![]() |
| Żuczki maleńkie.... |
Obrazek powiesiłam sobie w przedpokoju, koło drzwi sypialni. Wychodzę rano na moje włości, mówię:
-Dzień dobry chłopaki!
I nastawiam kawusię.
-"To były takie małe Żuczki"
- myśli sobie Mama Żuka Jednego i Drugiego.
-"Zawsze będą. Żuk I-wszy i Żuk II-gi. ..."
- Mama Żuka przegląda zdjęcia. Przesuwają się obrazy.
Widzi dwulatka, który spokojnie kontempluje świat wokół, meldując: "... ooo, jaka wieeelka chuja" (chodziło oczywiście o chmurę). O, a tu już zdjęcie komunijne, z dwuletnim braciszkiem za rękę... Taki gapcio mały na zdjęciu... A w rzeczywistości... Nie, nie mówił wiele... CZYNIŁ!...
-"Skąd wzięli się ci dwaj mężczyźni w moim życiu?"
- myśli Mama Ż.
-"Związani genami...
każdego dnia kreują swój świat...
moi artyści...
Żuczki moje..."

36 komentarzy:
No i zastanawiam się co lepiej Ci wychodzi? Czy szpachelkowanie, czy akwarele? Ale chyba obie formy są super. :)
Wspaniały obraz.
Ja też mam 2 Żuczki - i też już mi się odrobinę zestarzały...
Ale - jak wiesz - mam powtórkę z rozrywki czyli Szczerbatych, które są żuczkami starszego Żuczka.
Ale to życie pędzi...
No i właśnie... ciągle się miotam w technikach... i ciągle "szukam"... I tak mi pewno zostanie, a czas by był ustatkować się ;-)
Ano pędzi... A ja tracę nadzieję już na żuczki Żuczków... Ale przecież to ich życie. I się nie "wtrancam". Tylko kocham i tęsknię...
Ja mam jedną Żukową...też widoków na żuczątka żadne..No cóż, za to portret Twojej ręki wisi u mnie...Za co jetem wdzięczna bo to wiesz .ja nie jestem wprawna w odzwierciedlaniu uczuć...
Renia, nie jesteśmy przecież z matrycy... ;-) (na innym materacu "robone"?) ;-). A ty jesteś Jedyna taka... :-)
..robione...
Bo kochać trzeba niezależnie i bez końca...
Przystojniaki, że hej! Gratulacje!
He, he, zapomnij! Już "wzięci" ;-)
Przystojniaki. ☺
Każdy obraz, czy zdjęcie, to zapis chwil i wspomnień. Fajnie tak mieć.

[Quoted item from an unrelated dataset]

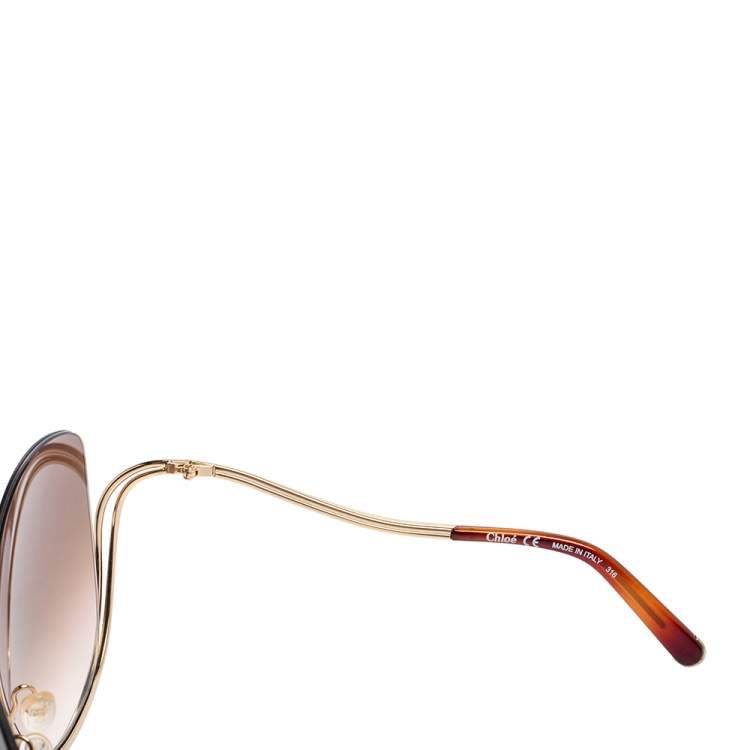 Pre Owned Chloe Brown Acetate CE125S Gradient Oversized Sunglasses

Dzieciaki nam się postarzały, a my ciągle piękne i młode...;o)
To kiedy przylatujesz na tą kolację ?? Bo nie wiem, czy już ziemniaczki skrobać...;o)
No, w końcu moja krew ;-)
Każda forma "zapisu" jest super :-)
Łoj, tak mi się wypsnęło....
Wybieram się dopiero na Święta Bożego Nrodzenia...
Ale to wiesz, Żuki się pozlatują z różnych stron, swatowie i.t.p. i to tylko na kilka dni...

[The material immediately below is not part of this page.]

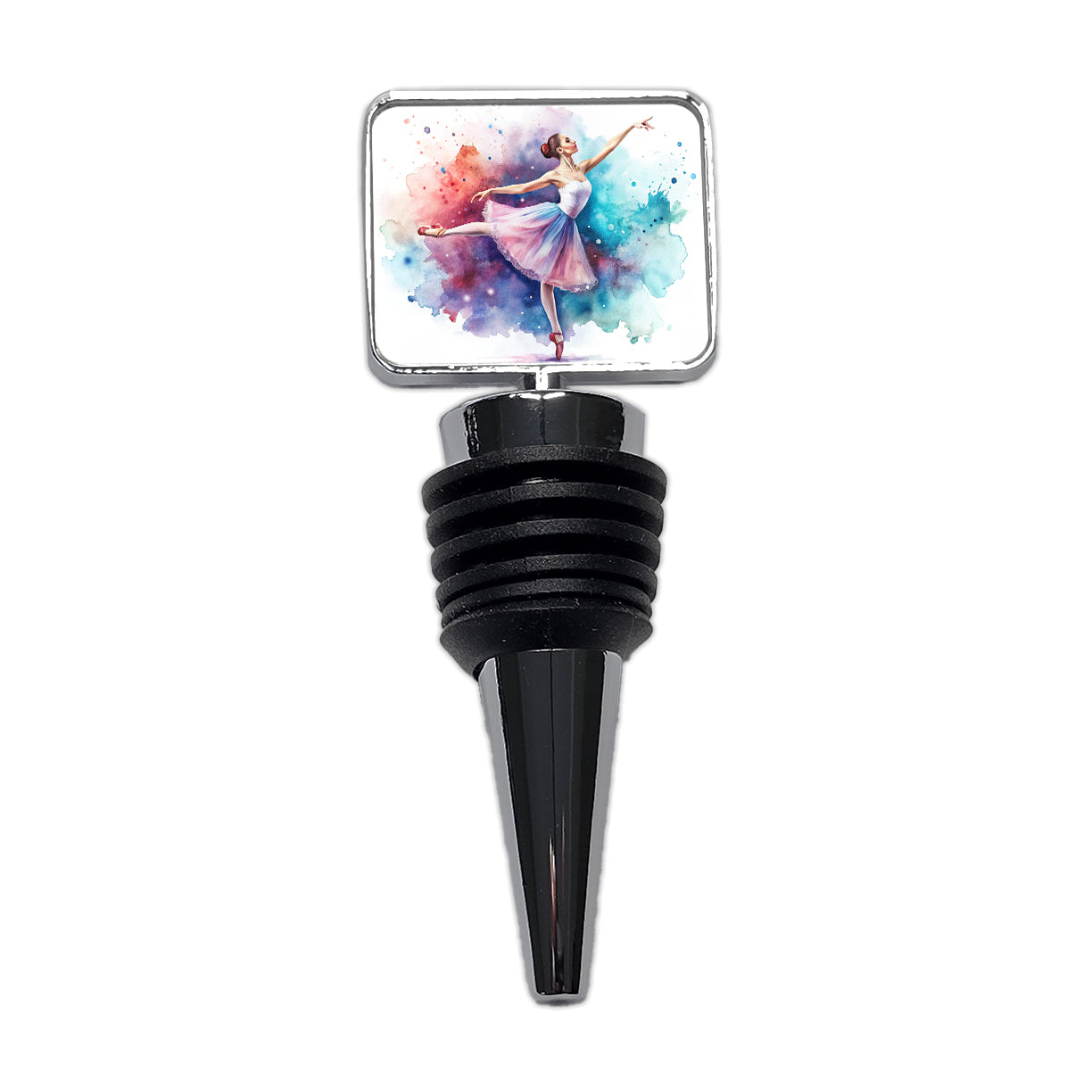 Ballet Dancer Watercolor Wine Bottle Stopper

Czy może być coś piękniejszego niż kolory i muzyka?
Zagoszczę u Ciebie.
To prawda, nic ponadto... :-)
Witam serdecznie.
Cudne te portrety, pełne życia, światła i uczuć. Cudne.

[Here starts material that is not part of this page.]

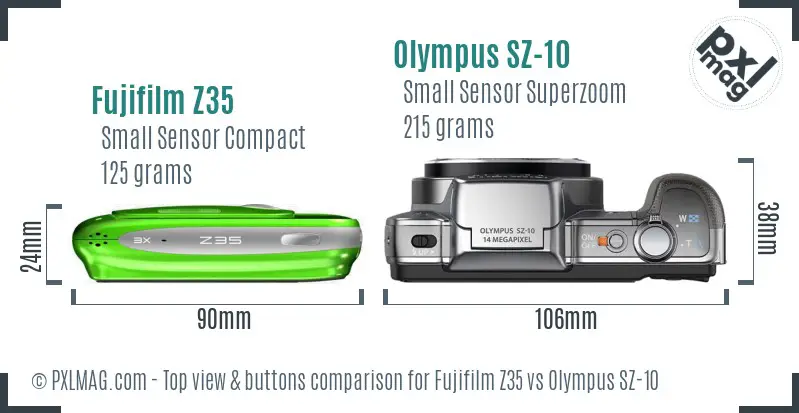 Fujifilm Z35 vs Olympus SZ-10 top view buttons comparison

Wiem, wiem...Nasze Święta też będą zwariowane, bo "chrzcienne"...;o)
Dziękuję serdecznie Joasiu :-)
Mistrzyni, pozwolę sobie nie komentować. Nie potrafię.
Mmmm, słodziak jesteś ;-)
Malowanie plamami trudne, a jeszcze do tego dodać malowanie sercem, więc "Żuczki" wyszły genialnie. I widać dumę z synów, ich urody i artystycznych dusz. Czegóż więcej trzeba do szczęścia spełnionej matki?
Zasyłam serdeczności
Od czasu, gdy się poznałyśmy(niestety tylko w sieci), wielokrotnie podziwiałam urodę i zdolności Twoich synów. Dlatego dzisiaj złożę Wam życzenia STU LAT szczęśliwego życia. Uściski.
Obecności Tychże "pod ręką"... ;-)
Ach, aż łza zakręciła mi się w oku....
Dziękujemy serdecznie Iwonko. I Tobie i Twoim bliskim też żuczę wszystkiego dobrego. Gorące uściski.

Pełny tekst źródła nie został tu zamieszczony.